Investigate enforced disappearances, activists urge Sri Lanka


Activists in Sri Lanka are urging the government to ratify a key international convention on enforced disappearances and to investigate thousands of unsolved cases that have haunted the island nation through decades of conflict.

Catholic Church officials say the issue is especially vital in Sri Lanka. Father Nandana Manathunga said Sri Lanka has the second-highest number of disappearances in the world. Yet the country has not ratified the International Convention for the Protection of All Persons from Enforced Disappearances.

"It is the right of the parents to know what happened to their loved ones," said Father Manathunga, director of the human rights center in Kandy diocese. "We urge the government to publish a list of detainees."

On Sept. 5, Father Manathunga is staging an event to mark Sri Lanka’s unsolved disappearances with the families of those who are missing.

Enforced disappearances have been an ongoing issue in Sri Lanka for decades. The Janatha Vimukthi Peramuna, a Marxist political party that attempted to overturn the government twice, was accused of kidnapping and killing thousands of young people. The military has also been accused of enforced disappearances during its 26-year-old battle against Tamil separatists.

The United Nations Working Group on Enforced Disappearances is currently considering more than 43,000 active cases. Of these, Sri Lanka had 5,750 outstanding cases as of May this year.
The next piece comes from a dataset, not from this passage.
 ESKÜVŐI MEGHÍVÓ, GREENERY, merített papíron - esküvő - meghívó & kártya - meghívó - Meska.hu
Only Iraq, at around 16,000 cases, had more active disappearances, according to the working group.

However, it's believed the actual amount of disappearances over the years runs into the tens of thousands in Sri Lanka.
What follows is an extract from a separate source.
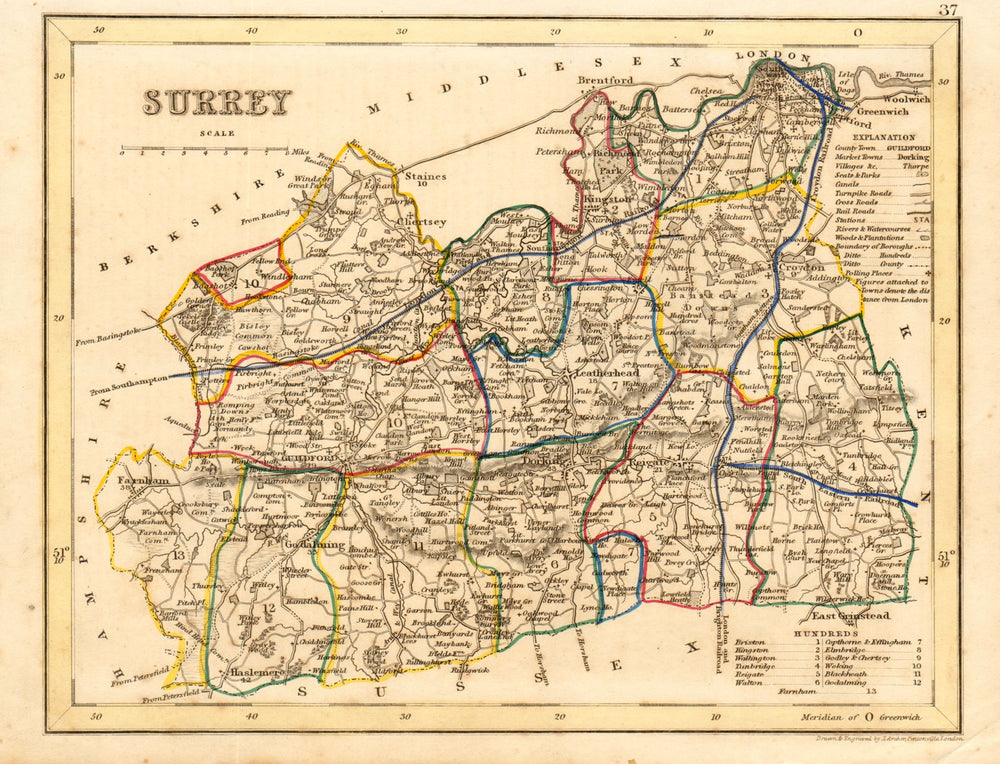 SURREY county map by ARCHER & DUGDALE. Seats canals polling places 1845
"Very few cases have been resolved and there has been blatant intimidation reported against families who have dared to ask questions about the whereabouts of their loved ones," Amnesty International said in a report marking the recent International Day of the Disappeared Aug. 30.

Continuing problems

The civil war’s brutal end in 2009, when military forces routed the Tamil rebels, has not stopped the disappearances.

Prageeth Egnalikoda, a political cartoonist, went missing in January 2010, two days before an election.

K.S. Ratnavale, director of the Colombo-based Centre for Human Rights and Development, said that families of missing people are demanding that the current government take action.

"Military and state authorities show a lack of interest in investigating disappearances," he said.

The government has promised to investigate the disappearances, but President Maithripala Sirisena and Prime Minister Ranil Wickremesinghe have downplayed the likelihood of international involvement.

The U.N. Working Group on Enforced Disappearances was scheduled to stage an official visit to Sri Lanka in August, but this was postponed because of parliamentary elections Aug. 17. The government has said the visit may take place before the end of the year.

For now, relatives of the disappeared are appealing to the United Nations and other international organizations to help find justice for their missing loved ones.

S. Jegatheeswara, 56, said his son was abducted by the military during an operation in Jaffna, the Tamil heartland of Sri Lanka’s north, in 2008.

"I appealed to the government, the U.N. and the international community to know the whereabouts of my son but still didn't get any response," he said.

According to the U.N. working group, Asia has the highest number of disappearances. These include 5,750 in Sri Lanka, 625 in the Philippines, 459 in Nepal, 428 in Timor-Leste, 354 in India, 200 in Pakistan, 163 in Indonesia, 82 in Thailand, 40 in China, 53 in North Korea, 30 in Bangladesh, two in Laos and one person in Cambodia.

Most countries in Asia have not ratified the U.N. convention on enforced disappearances. Cambodia and Japan are two that have.